WHAT THIS TASK INVOLVES: Only the lines below from the one that holds "R83002: Fits John" through the one that holds "Demonta Villa Trogir" should appear in the answer, copied exactly, end lines included and pictures omitted.

THE DATA:
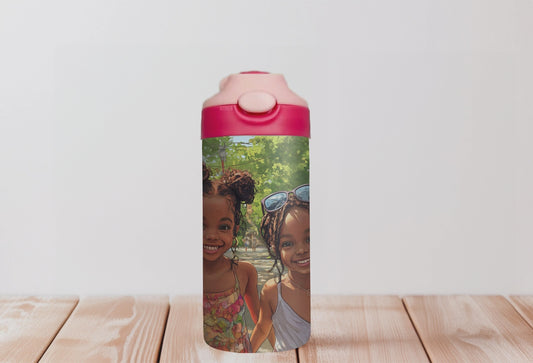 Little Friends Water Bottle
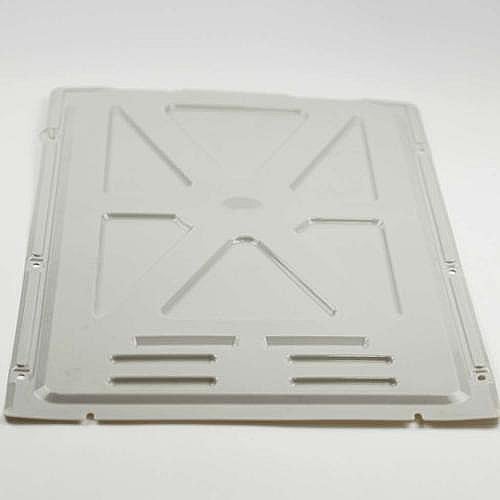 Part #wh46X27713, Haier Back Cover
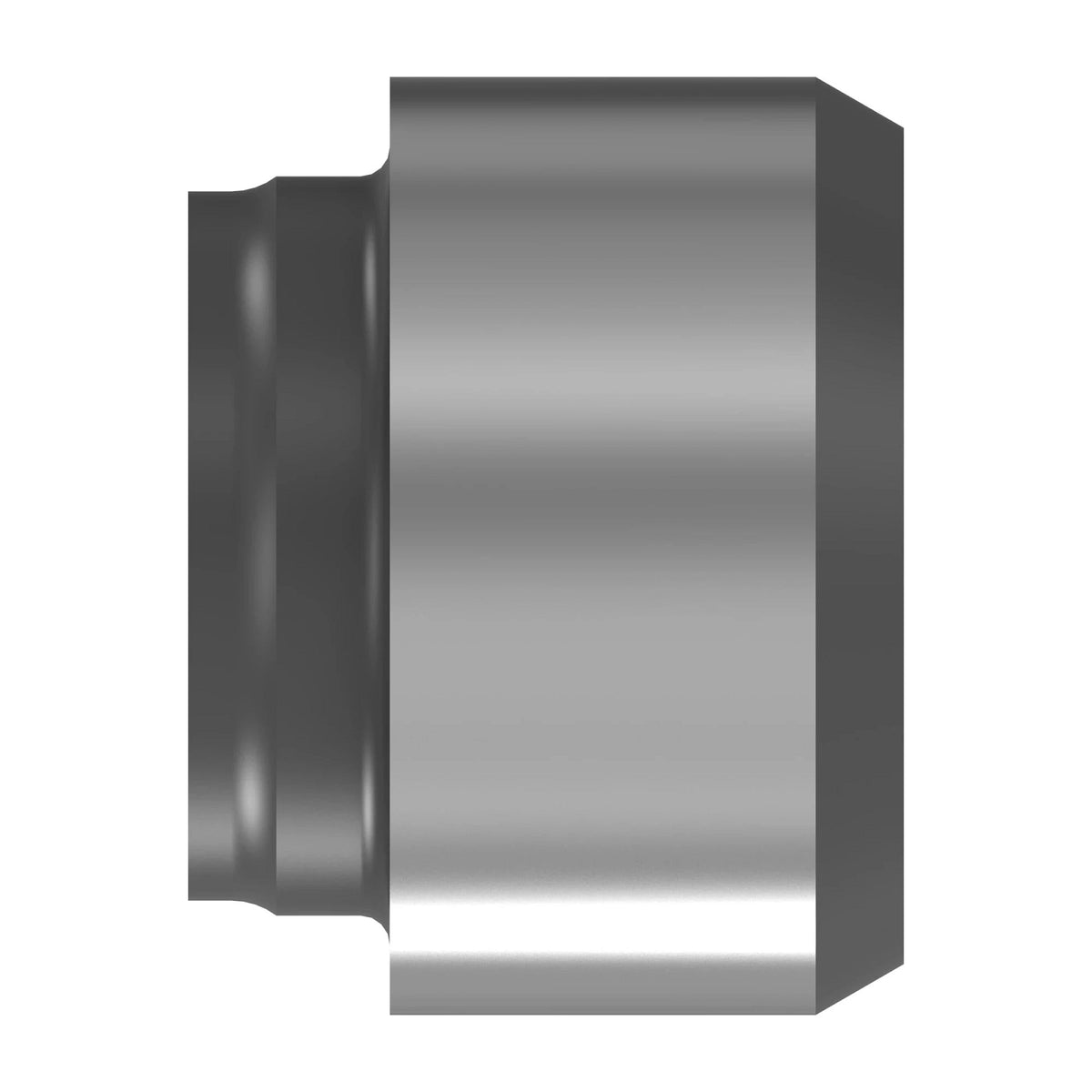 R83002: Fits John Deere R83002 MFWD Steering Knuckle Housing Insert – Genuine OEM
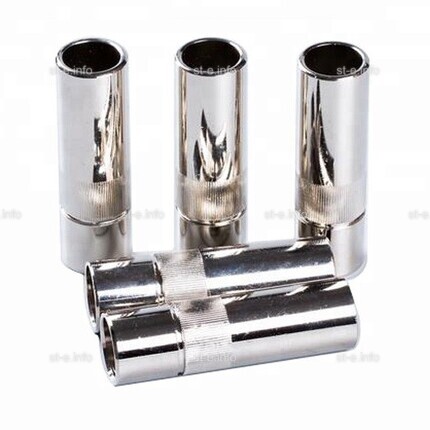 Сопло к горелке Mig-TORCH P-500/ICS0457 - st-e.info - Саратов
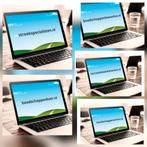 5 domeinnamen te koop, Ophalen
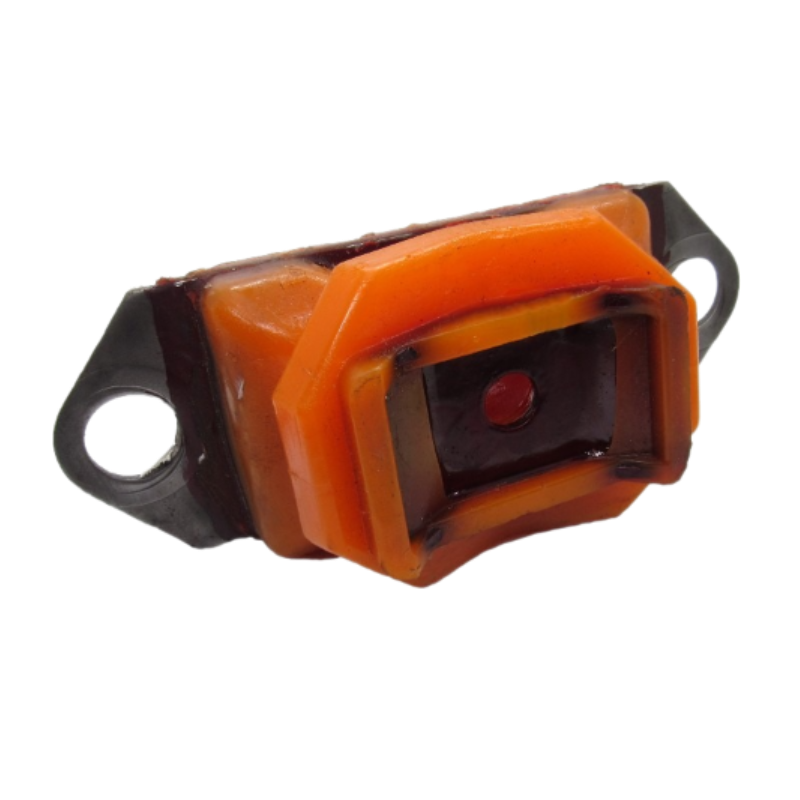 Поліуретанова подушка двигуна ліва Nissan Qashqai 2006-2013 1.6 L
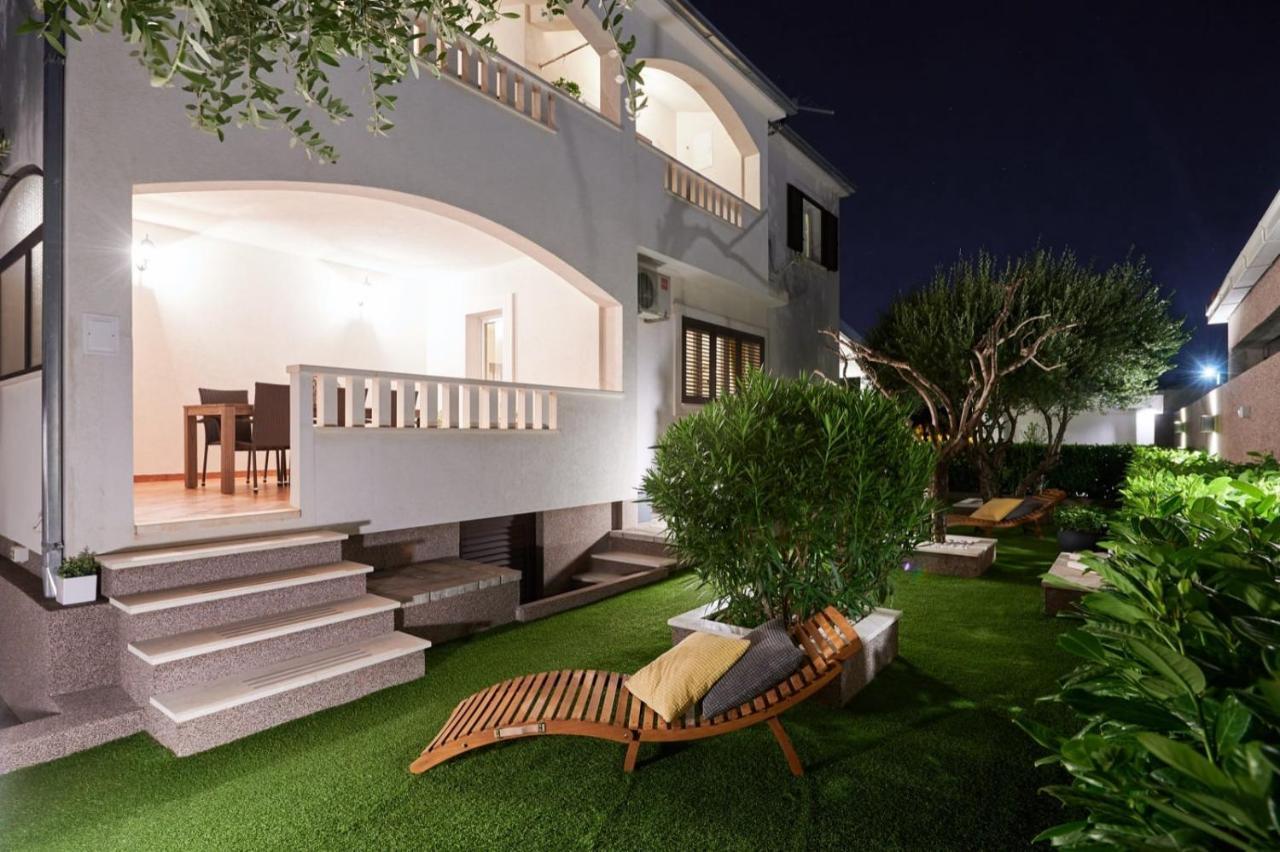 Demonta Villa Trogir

--

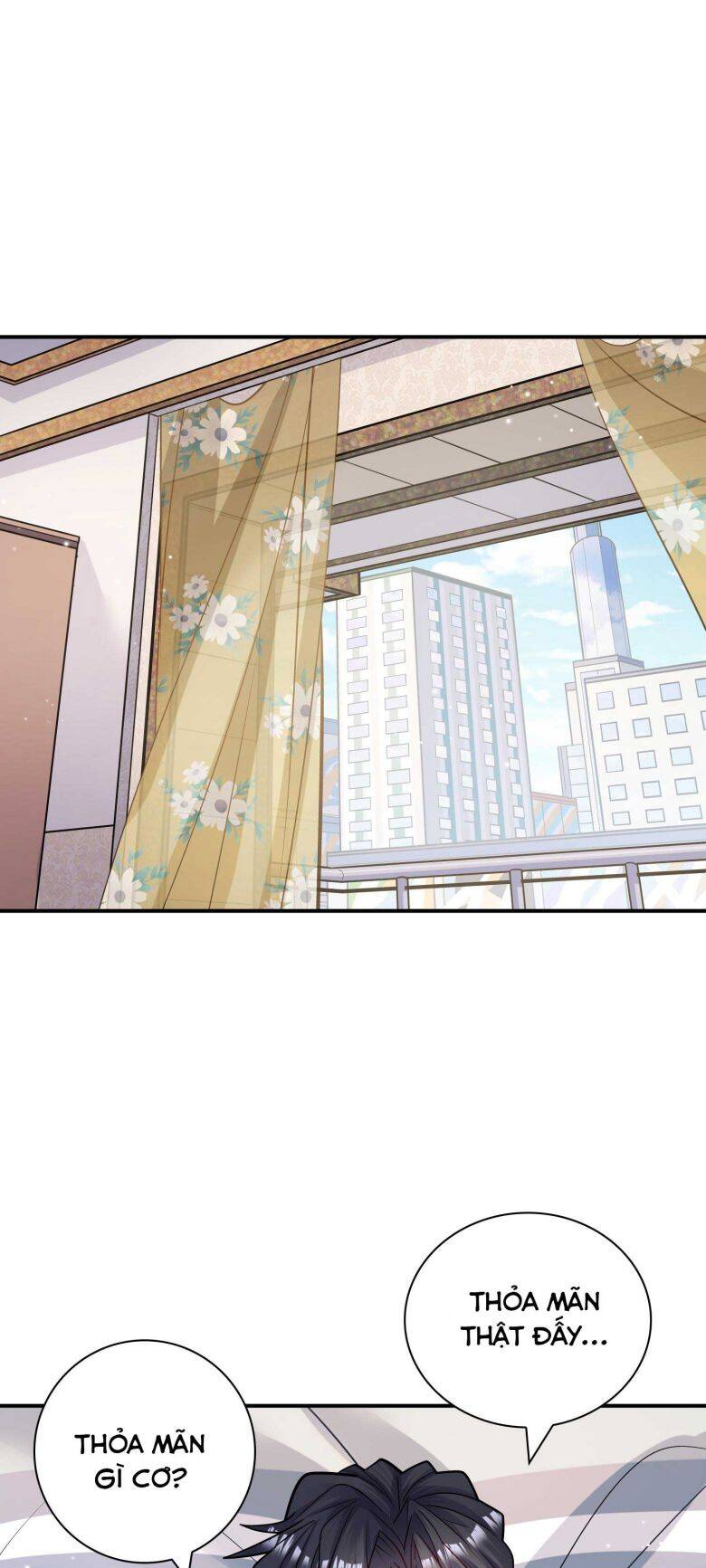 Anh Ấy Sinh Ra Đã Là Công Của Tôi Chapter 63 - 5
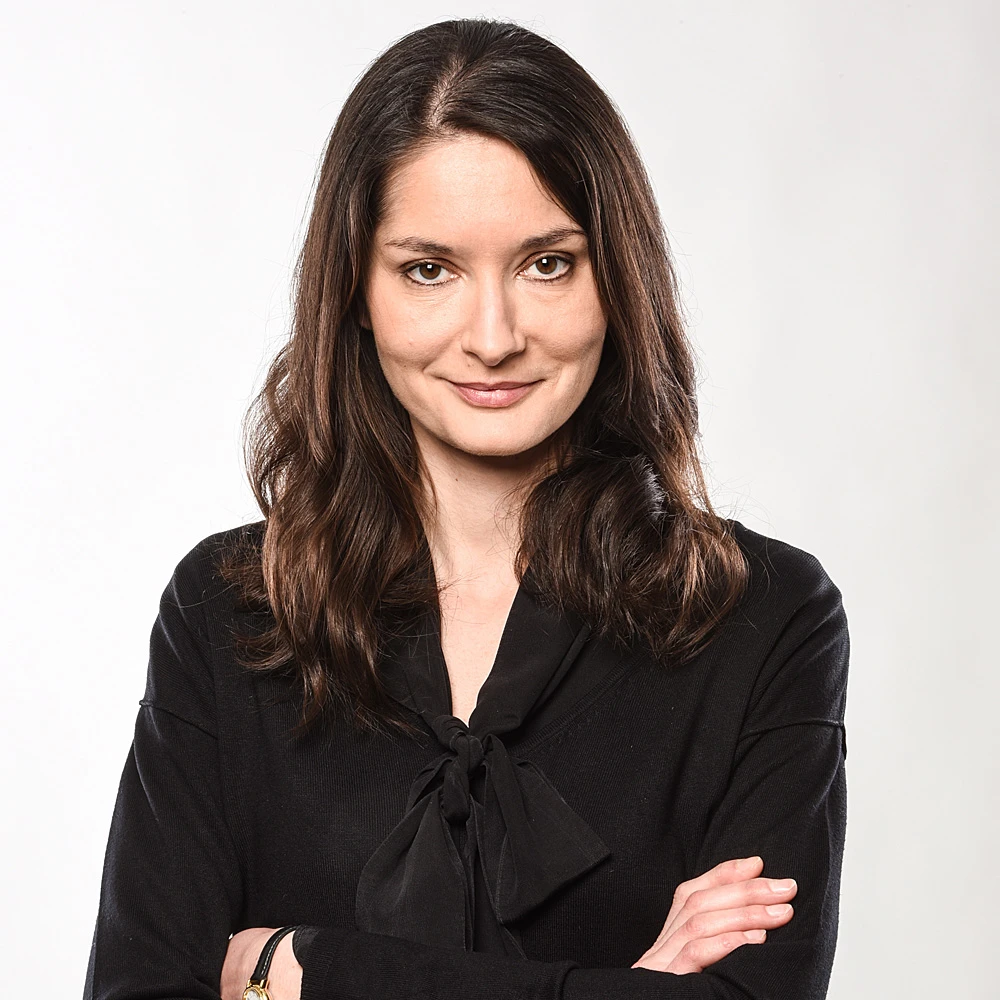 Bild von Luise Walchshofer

EXERCISE RESPONSE:
 R83002: Fits John Deere R83002 MFWD Steering Knuckle Housing Insert – Genuine OEM
 Сопло к горелке Mig-TORCH P-500/ICS0457 - st-e.info - Саратов
 5 domeinnamen te koop, Ophalen
 Поліуретанова подушка двигуна ліва Nissan Qashqai 2006-2013 1.6 L
 Demonta Villa Trogir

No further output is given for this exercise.